◆ What to work on
Start at the first line of the listing below. Write out each line exactly, stopping after the one that contains "Case of 8 T.H.E.".

◆ Provided entries

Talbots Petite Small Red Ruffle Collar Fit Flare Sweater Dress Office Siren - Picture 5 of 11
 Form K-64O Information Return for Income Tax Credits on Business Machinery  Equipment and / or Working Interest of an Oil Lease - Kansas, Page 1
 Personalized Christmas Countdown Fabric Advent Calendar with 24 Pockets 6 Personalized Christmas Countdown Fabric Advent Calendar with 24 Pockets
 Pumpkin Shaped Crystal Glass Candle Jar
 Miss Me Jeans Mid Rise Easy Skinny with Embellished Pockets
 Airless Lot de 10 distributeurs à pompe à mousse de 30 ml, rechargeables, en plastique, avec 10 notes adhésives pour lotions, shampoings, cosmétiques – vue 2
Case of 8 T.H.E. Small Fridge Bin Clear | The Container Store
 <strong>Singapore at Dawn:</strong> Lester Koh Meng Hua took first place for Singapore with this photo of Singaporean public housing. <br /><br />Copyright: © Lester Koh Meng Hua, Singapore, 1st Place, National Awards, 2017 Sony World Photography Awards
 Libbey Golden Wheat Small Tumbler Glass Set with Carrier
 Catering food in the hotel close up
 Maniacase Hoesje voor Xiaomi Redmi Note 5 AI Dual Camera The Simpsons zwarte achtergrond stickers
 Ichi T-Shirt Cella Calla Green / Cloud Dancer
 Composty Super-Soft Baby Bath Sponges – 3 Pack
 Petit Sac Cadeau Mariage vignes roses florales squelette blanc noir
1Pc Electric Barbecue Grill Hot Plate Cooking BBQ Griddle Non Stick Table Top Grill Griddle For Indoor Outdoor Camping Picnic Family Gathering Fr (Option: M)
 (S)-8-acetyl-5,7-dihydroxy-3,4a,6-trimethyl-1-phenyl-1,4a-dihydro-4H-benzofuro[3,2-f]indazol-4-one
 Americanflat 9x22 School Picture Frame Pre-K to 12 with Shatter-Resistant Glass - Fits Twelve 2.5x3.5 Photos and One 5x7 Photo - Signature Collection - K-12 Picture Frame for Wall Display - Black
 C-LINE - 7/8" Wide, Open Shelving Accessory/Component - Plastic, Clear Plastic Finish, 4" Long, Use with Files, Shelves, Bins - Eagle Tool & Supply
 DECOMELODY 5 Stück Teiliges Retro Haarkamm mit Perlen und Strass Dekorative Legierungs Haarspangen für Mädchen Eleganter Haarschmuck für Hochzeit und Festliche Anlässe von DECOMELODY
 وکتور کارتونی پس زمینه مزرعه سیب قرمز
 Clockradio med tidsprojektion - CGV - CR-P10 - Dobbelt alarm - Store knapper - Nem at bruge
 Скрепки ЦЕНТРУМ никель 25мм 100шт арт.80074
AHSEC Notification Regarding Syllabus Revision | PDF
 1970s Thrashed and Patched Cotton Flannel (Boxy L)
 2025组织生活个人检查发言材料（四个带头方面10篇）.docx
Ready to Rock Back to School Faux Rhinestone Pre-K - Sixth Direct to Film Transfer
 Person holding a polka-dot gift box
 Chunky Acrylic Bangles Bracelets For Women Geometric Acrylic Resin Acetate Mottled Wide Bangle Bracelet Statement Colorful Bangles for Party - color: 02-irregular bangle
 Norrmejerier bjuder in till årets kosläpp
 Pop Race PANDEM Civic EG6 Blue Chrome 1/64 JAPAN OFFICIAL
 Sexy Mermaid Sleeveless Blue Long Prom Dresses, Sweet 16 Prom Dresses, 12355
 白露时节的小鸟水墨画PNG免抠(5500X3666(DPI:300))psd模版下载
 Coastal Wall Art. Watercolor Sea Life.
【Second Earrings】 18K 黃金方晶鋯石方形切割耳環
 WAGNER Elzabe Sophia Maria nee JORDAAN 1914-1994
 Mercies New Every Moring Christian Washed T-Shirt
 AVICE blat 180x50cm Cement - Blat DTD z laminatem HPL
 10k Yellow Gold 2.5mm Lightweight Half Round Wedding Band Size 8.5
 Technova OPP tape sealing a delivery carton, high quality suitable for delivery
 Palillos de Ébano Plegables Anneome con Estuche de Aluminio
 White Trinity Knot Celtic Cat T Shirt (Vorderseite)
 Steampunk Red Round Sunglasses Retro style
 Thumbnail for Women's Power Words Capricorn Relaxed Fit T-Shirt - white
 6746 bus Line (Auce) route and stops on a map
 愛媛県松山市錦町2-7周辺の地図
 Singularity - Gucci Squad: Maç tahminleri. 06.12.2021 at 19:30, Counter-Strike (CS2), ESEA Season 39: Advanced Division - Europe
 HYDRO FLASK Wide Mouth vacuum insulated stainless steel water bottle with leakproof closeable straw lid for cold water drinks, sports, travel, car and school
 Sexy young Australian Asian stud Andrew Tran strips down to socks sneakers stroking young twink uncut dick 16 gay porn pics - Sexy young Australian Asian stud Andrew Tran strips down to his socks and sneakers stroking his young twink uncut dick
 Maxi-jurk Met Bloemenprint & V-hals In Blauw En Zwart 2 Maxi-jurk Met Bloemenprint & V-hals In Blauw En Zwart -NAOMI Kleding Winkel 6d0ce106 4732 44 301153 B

◆ Output
Talbots Petite Small Red Ruffle Collar Fit Flare Sweater Dress Office Siren - Picture 5 of 11
 Form K-64O Information Return for Income Tax Credits on Business Machinery  Equipment and / or Working Interest of an Oil Lease - Kansas, Page 1
 Personalized Christmas Countdown Fabric Advent Calendar with 24 Pockets 6 Personalized Christmas Countdown Fabric Advent Calendar with 24 Pockets
 Pumpkin Shaped Crystal Glass Candle Jar
 Miss Me Jeans Mid Rise Easy Skinny with Embellished Pockets
 Airless Lot de 10 distributeurs à pompe à mousse de 30 ml, rechargeables, en plastique, avec 10 notes adhésives pour lotions, shampoings, cosmétiques – vue 2
Case of 8 T.H.E. Small Fridge Bin Clear | The Container Store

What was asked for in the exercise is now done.